═════ Dataset records
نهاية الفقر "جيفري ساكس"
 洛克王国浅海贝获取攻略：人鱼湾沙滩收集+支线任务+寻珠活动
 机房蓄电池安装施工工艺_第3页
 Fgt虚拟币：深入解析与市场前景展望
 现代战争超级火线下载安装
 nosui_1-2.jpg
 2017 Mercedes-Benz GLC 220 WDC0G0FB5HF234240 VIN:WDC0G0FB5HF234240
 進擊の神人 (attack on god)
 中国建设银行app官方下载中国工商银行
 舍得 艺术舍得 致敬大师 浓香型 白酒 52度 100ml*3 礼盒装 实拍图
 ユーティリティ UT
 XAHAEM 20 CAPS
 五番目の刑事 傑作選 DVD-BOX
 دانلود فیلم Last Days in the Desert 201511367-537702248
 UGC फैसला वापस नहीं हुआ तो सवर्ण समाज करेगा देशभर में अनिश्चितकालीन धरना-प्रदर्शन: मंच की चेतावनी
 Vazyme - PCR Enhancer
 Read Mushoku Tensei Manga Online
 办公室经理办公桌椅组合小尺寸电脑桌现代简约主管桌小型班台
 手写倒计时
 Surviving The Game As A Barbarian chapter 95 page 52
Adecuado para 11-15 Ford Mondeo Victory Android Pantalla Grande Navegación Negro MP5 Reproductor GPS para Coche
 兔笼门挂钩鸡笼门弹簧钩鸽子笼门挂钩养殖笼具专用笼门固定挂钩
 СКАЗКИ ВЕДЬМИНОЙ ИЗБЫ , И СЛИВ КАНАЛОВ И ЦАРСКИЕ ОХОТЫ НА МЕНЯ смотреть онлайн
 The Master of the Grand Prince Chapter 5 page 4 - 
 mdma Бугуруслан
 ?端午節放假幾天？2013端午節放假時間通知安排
══════════
Return only the lines of the records in which the string "page" appears.

*Response to this task*
 Surviving The Game As A Barbarian chapter 95 page 52
 The Master of the Grand Prince Chapter 5 page 4 - 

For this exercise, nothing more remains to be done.